Part of the Deborah Wainwright Memorial Collections of African American Art and African Folk Art

Irving Henry Webster Phillips, Sr. was born in West Baltimore in 1920. He graduated from Douglass High School in 1939 and enlisted in the Army to fight in World War II. After coming home in 1946, he worked odd jobs at the Drydocks and Bethlehem shipyard before he began his career at the Afro-American Newspapers in 1948 as a staff photographer. He quickly adapted and thrived in the newspaper environment and became the head of the photography department after a few short years. He maintained this position for 25 years until he left the magazine in 1973. Phillips garnered a noteworthy reputation for the Baltimore Afro-American through his accomplished photographic skills and his sensational "eye for the picture."

Phil, as he was fondly known in the community, knew how and when to take the perfect picture. A pioneer in his field, he captured an enormous amount of’ local and national African American history through his lens during a time when most of their history and culture were ignored. He was truly a craftsman who performed works of art through the journalist's camera.

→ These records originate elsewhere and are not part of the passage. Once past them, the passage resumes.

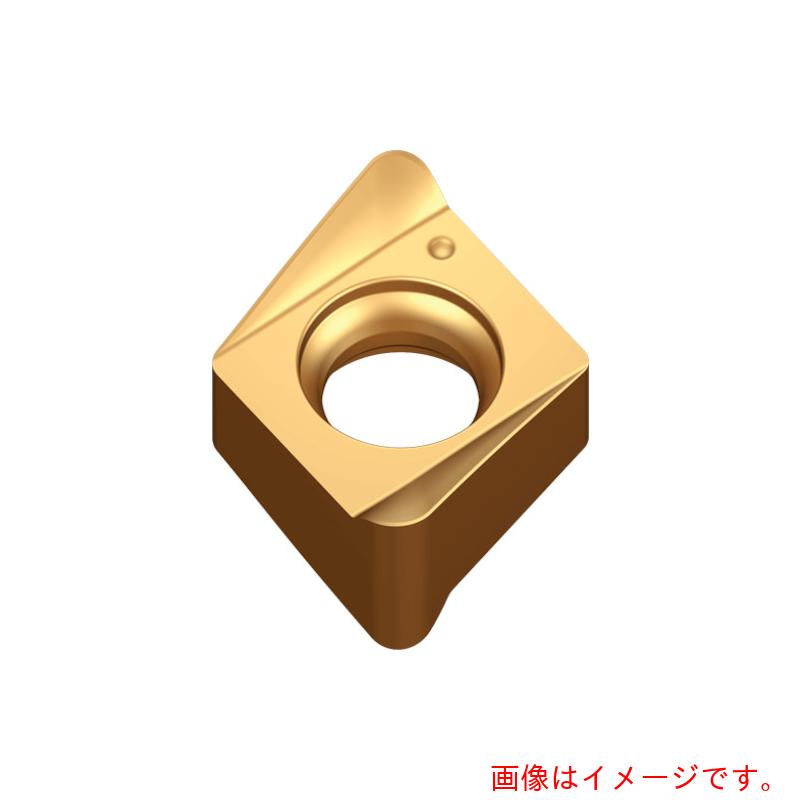 【メール便対応】NTKカッティングツールズ　TAEGUTEC　ミーリング加工用チップ　チェイス４ミル　【10個】　【品番：4NKT 060304R-ML TT8080】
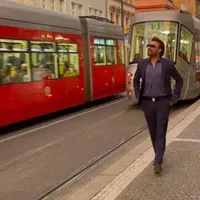 original sound - khurramgujjar99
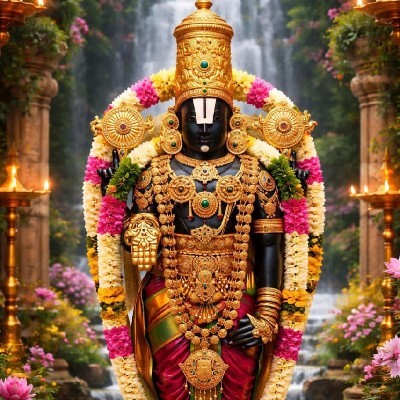 పరిమళ 🌹
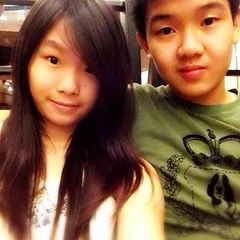 Anastasia Inez Pratama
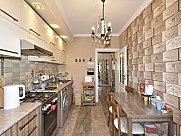 Квартира, 4 комнатная, Арабкир, Ереван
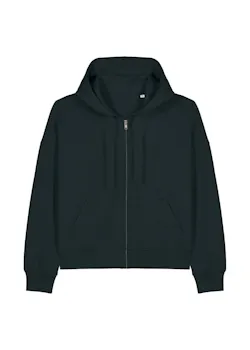 Stanley/Stella Ida STSW214 Werktrui Regular Fit Dames Iconic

His talent for capturing his subjects in the most enhancing manner won him great acclaim, not only in the African American community, but also throughout the Baltimore­ Washington metropolitan region. Phillips became particularly well known for his "in the moment" photographs. Each assignment he went on was treated with the same amount of importance and attentiveness, regardless of whether the subject matter was Ella Fitzgerald or the kids living next door. Phillips documented daily life in Baltimore from Jack and Jill Clubs and fish mongers to elements of segregation like “colored only” signs and the 1963 civil rights march in Washington. He was most proud of his award-winning picture of President John F. Kennedy's widow, Jacqueline, consoling Mrs. Carretta Scott King minutes before the funeral of the slain civil rights leader Dr. Martin Luther King Jr.